When I looked up books and stack overflow article on operator overloading, I found the following:
When an overloaded operator is a member function, this is bound to the left-hand operand. Member operator functions have one less (explicit) parameter than the number of operands.
(Addison Wesley, C++ Primer)
So my question is, since the * (dereference) operator does not have any left operand, how does it get its parameter (which is the object itself or this)?
For all prefix unary operator, it operates on the operand that follows it.
As an added question would there be any difference in how the overloaded * operator is used if it is defined as a non-member function vs a member function
For the most part, no, except that non-member function can't access private member of that class and if both the member function and non-member function existed, compiler needs to use overload resolution to pick the higher rank function, if there're no better function, it's ambigious call, see ADL
For the reliable source, you can take a look at operator overloading, or, better, section 13.5.1 [over.unary] in the standard C++:
A prefix unary operator shall be implemented by a non-static member function (9.3) with no parameters or a non-member function with one parameter. Thus, for any prefix unary operator @, @x can be interpreted as either x.operator@() or operator@(x). If both forms of the operator function have been declared, the rules in 13.3.1.2 determine which, if any, interpretation is used. See 13.5.7 for an explanation of the postfix unary operators ++ and --. 2 The unary and binary forms of the same operator are considered to have the same name. [ Note: Consequently, a unary operator can hide a binary operator from an enclosing scope, and vice versa. —end note ]
For the selection if there are both member and non-member, see 13.3.1.2 [over.match.oper]
Prefix * operates on the operand that follows it.

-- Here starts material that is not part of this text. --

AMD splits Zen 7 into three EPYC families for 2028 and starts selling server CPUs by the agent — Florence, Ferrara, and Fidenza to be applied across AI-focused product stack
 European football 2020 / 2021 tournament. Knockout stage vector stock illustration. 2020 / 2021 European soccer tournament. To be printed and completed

For a user defined operator* expressed as a member function, that's the object that's referred to by a this-expression.
#include <iostream>
using namespace std;
struct S
{
auto operator*() const -> char const* { return "Hi there!"; }
};
auto main()
-> int
{ cout << *S() << endl; }
Result:
Hi there!
The dereference operator works exactly the same way as an overloaded operator as it does as an ordinary operator.
int foo(int *p)
{
return *p;
}
In the statement return *p;, the dereference operator applies to the pointer p. It is passed to it on the right side:
As an overloaded operator, it works the same way.
class bar {
int *some_internal_ptr;
public:
int operator*() const {
return *some_internal_ptr;
}
// Other class members and methods...
};
int foo(bar p)
{
return *p;
}
When the right-hand side of the * operator is class with an operator*` member, it gets invoked as an overloaded method of the class, no different than any other member, in order to resolve the dereference.
It is because the usage is identical is why many C++ library algorithms work equally well with either pointers or C++ library operators. For example, std::copy() could be implemented as follows (I am trimming away some irrelevant complexity that's not germane here):
template<typename iter_type>
iter_type copy(iter_type b, iter_type e, iter_type t)
{
while (b != e)
{
*t=*b;
++t;
++b;
}
return t;
}
You can pass native pointers to std::copy, or pass classes like iterators, with overloaded * operators, and because an overloaded * operator is used with the same syntax as an ordinary * operator, the same algorithm works with the overloaded operator as well.